Tuesday, December 21, 2010 at 12:50pm

Tennessee added 656,822 to its population in the last decade — an 11.5 percent increase — greater than the U.S. rate but not enough to gain seats in Congress, the U.S. Census Bureau announced Tuesday.

The state’s population stood at 6,346,105, up from 5,689,283 in 2000. The U.S. population was 308,745,538, a 9.7 percent increase from 281,421,906 in 2000.

“A big thanks to the American public for its overwhelming response to the 2010 Census,” U.S. Commerce Secretary Gary Locke said in unveiling the official counts in Washington. “The result was a successful count that came in on time and well under budget, with a final 2010 Census savings of $1.87 billion.”

The most populous state was California (37,253,956). Wyoming was the least populous (563,626). The state that gained the most people since 2000 was Texas (up 4,293,741 to 25,145,561), and the state that gained the most as a percentage of its 2000 Census count was Nevada (up 35.1 percent to 2,700,551).

The South and the West grew the most, with the South gaining 14.3 million people and the West picking up 8.7 million. The Northeast and the Midwest also grew by 1.7 million and 2.5 million, respectively.
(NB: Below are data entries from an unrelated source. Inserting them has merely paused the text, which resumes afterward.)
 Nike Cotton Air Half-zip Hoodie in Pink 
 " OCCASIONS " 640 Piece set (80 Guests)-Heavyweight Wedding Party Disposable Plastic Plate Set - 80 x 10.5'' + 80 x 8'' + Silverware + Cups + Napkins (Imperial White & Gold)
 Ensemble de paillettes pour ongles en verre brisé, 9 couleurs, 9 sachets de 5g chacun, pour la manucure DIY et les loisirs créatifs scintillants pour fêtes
Tennessee keeps its nine congressional seats under the new Census figures. With four additional seats, Texas gained the most. Florida picked up two seats. Six others states — Arizona, Georgia, Nevada, South Carolina, Utah and Washington — added one seat each.
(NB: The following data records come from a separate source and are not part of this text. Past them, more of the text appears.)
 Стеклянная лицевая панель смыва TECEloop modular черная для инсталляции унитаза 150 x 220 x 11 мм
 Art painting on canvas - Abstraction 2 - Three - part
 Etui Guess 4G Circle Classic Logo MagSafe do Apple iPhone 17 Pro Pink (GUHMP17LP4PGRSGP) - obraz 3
New York and Ohio each lost two seats. Eight other states lost a single seat: Illinois, Iowa, Louisiana, Massachusetts, Michigan, Missouri, New Jersey and Pennsylvania. 

7 Comments on this post:

By: JeffF on 12/21/10 at 1:36

I have not found the new magic number for congressional representation. What is the number for the population of congressional district going to be?

By: JeffF on 12/21/10 at 1:48

just found it. The average population of a congressional district will be 710,767, compared with 646,942 in 2000.

This puts Tennessee at a 8.9285 ratio for districts. The previous census ratio in 2000 had Tennessee at 8.7941.

Tennessee is a long way from gaining that 10th seat. We were about just over 406,100 short of picking it up this time around. Tennessee needed a growth rate of 18.68% to reach the tenth representative.

By: bfra on 12/22/10 at 3:36

No doubt TN would have had that growth rate, had all the illegals been counted.

By: richgoose on 12/22/10 at 4:47

I do not think the population that is growing in Tennessee represents the ideals and standards that I would like.

By: govskeptic on 12/22/10 at 6:48

Noted growth rate of largest increases of growth of States
bordering or near Mexican border. Their representations
go up, even lowly Nevada and Utah.

By: JeffF on 12/22/10 at 9:53

Luckily the states get to count the illegals for reapportionment and funding purposes. Since the illegals do not get to vote their presence gives more representative power to the locals who desire so much to defend themselves from the invaders. Texas' and Arizona's increasing power in the house will go a long way toward the defense of America's borders. The do-gooder states in the North east are continuing their slide toward political oblivion.

By: joe41 on 12/27/10 at 1:22

I think the comment "I do not think the population that is growing in Tennessee represents the ideals and standards that I would like' is what is wrong with America. Rather than to learn how to get along with people, some folks are building a wall around themselves. We have known this was coming for at least 20 years. My company planned for it and we are much better off for it. Too bad for you other guys.